El Holocausto es una consecuencia del impulso moderno hacia un mundo absolutamente diseñado y controlado una vez que este impulso se empieza a descontrolar. La mayor parte del tiempo se evita que la modernidad lo permita. Sus ambiciones pugnan con el pluralismo del mundo humano y se detienen antes de realizarse por falta de un poder absoluto que sea lo suficientemente absoluto y de un organismo monopolista que sea lo suficientemente monopolista como para rechazar, quitar importancia o aplastar a todas las fuerzas autónomas, compensatorias y atenuantes.

La peculiaridad del genocidio moderno

Cuando un poder absoluto capaz de monopolizar los vehículos modernos de la acción racional se convierte al sueño modernista y cuando este poder se libera de todo control social efectivo, entonces se produce el genocidio. Un genocidio moderno, como el Holocausto. El cortocircuito (aunque casi desearíamos decir ‘el encuentro fortuito’) entre una élite ideológicamente obsesionada con el poder y las tremendas facilidades de la sociedad moderna para la actuación racional y sistemática no suele producirse a menudo. Pero, una Vez que sucede, salen a la luz ciertos aspectos de la modernidad que son menos visibles en otras circunstancias y, por lo tanto, se pueden quedar fuera de la teorización.

El Holocausto moderno es único y singular en dos sentidos. Se diferencia de los otros casos históricos de genocidio en que es moderno. Y sigue siendo singular si se le compara con la cotidianeidad de la sociedad moderna Porque reúne algunos factores corrientes de la modernidad que, por lo general se mantienen separados. En este segundo sentido de su peculiaridad, lo que es poco frecuente y raro es la combinación de factores, no los factores que se combinan. Por separado, cada uno de los factores es corriente y normal. Es decir, no es suficiente con saber qué son el salitre, el azufre y el carbón si no se sabe y se recuerda que al mezclarlos se convierten en pólvora.

Esta singularidad y normalidad simultáneas del Holocausto ha encontrado una expresión excelente en el resumen de los trabajos de Sarah Gordon:

El exterminio sistemático, a diferencia de los pogromos esporádicos, sólo lo puede llevar a cabo un gobierno extremadamente poderoso y, probablemente, sólo hubiera podido tener éxito en condiciones de guerra. Fue la llegada de Hitler y sus seguidores radicalmente antisemitas y su posterior centralización del poder las que hicieron posible el exterminio de la judería europea. (…)

Los procesos de exclusión organizada y de asesinato requirieron tanto la cooperación de amplios sectores del ejército y de la burocracia como la aquiescencia del pueblo alemán, aprobaran o no la persecución y exterminio que realizaban los nazis.[8]

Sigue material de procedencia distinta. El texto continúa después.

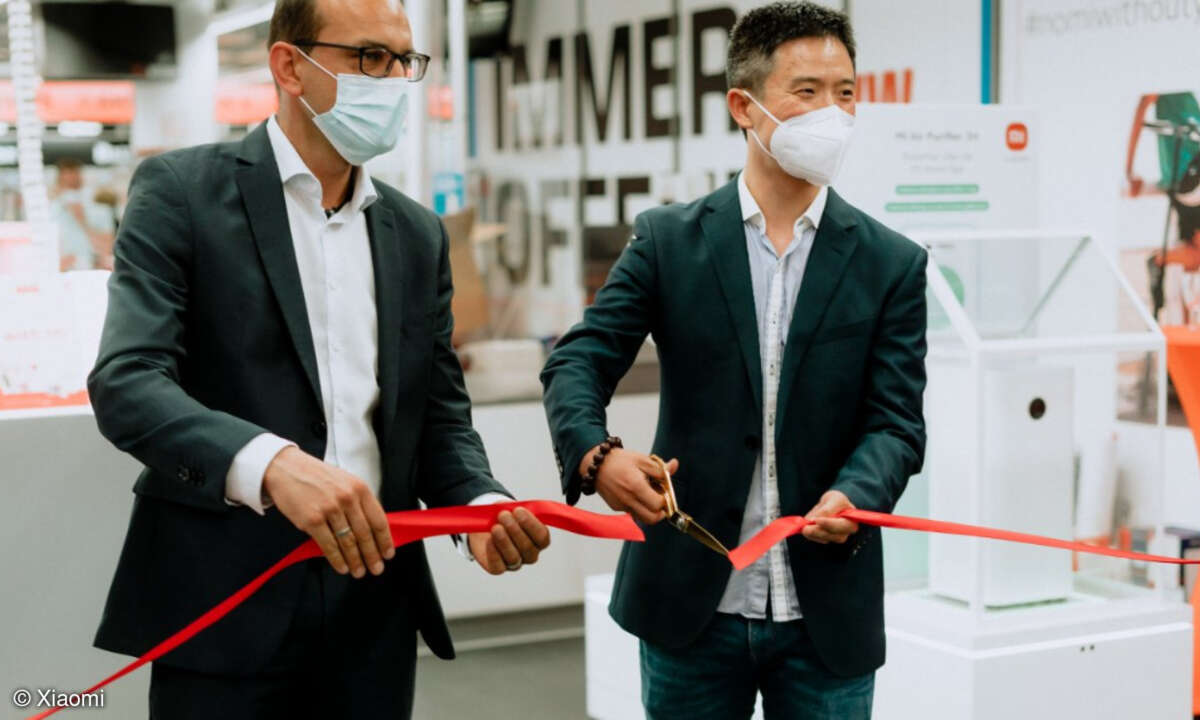 Xiaomi Country Manager Alan Chen Li (rechts) und Miroslav Cizej, Geschäftsführer Saturn Düsseldorf-Königsalle, eröffnen die neue Xiaomi Shop-in-Shop-Fläche im Saturn Düsseldorf-Königsallee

Gordon enumera varios factores que tuvieron que unirse para que se produjera el Holocausto: el antisemitismo radical (y, como recordaremos del capítulo anterior, racista y exterminador) del tipo nazi; la transformación de ese antisemitismo en acción política de un Estado poderoso y centralizado; que el Estado estuviera al mando de un tremendo y eficiente aparato burocrático; el «estado de excepción» —una condición extraordinaria, de guerra, que permitía al gobierno y a la burocracia bajo su control quitar de en medio cosas que, posiblemente en tiempos de paz, hubieran supuesto serios obstáculos—; y la no interferencia y la aceptación pasiva de estos hechos por gran parte de la población civil. De todos estos factores, dos de ellos (aunque se puede argumentar que se pueden reducir a uno: con los nazis en el poder, era prácticamente inevitable) se pueden considerar fortuitos, no necesariamente propios de la sociedad moderna, aunque ésta no los elimina. Los otros factores son, sin embargo, completamente «normales». Siempre están presentes en cualquier sociedad moderna y su presencia se ha hecho posible e ineludible por los procesos asociados con el desarrollo y el afianzamiento de la civilización moderna.

En el capítulo anterior he intentado explicar la relación entre el antisemitismo radical y exterminador y las transformaciones socio-políticas y culturales a las que se suele hacer mención al hablar de la formación de la sociedad moderna. En el último capítulo de este libro intentaré analizar estos mecanismos sociales que también se ponen en movimiento en las condiciones actuales y que silencian o neutralizan las inhibiciones morales y, además, hacen que la gente se abstenga de oponer resistencia al mal.

En este capítulo me centraré sólo en uno de ellos, el más importante de todos los factores que constituyen el Holocausto: las normas de actuación típicamente modernas, tecnológicas y burocráticas y la mentalidad que institucionalizan, generan, mantienen y reproducen.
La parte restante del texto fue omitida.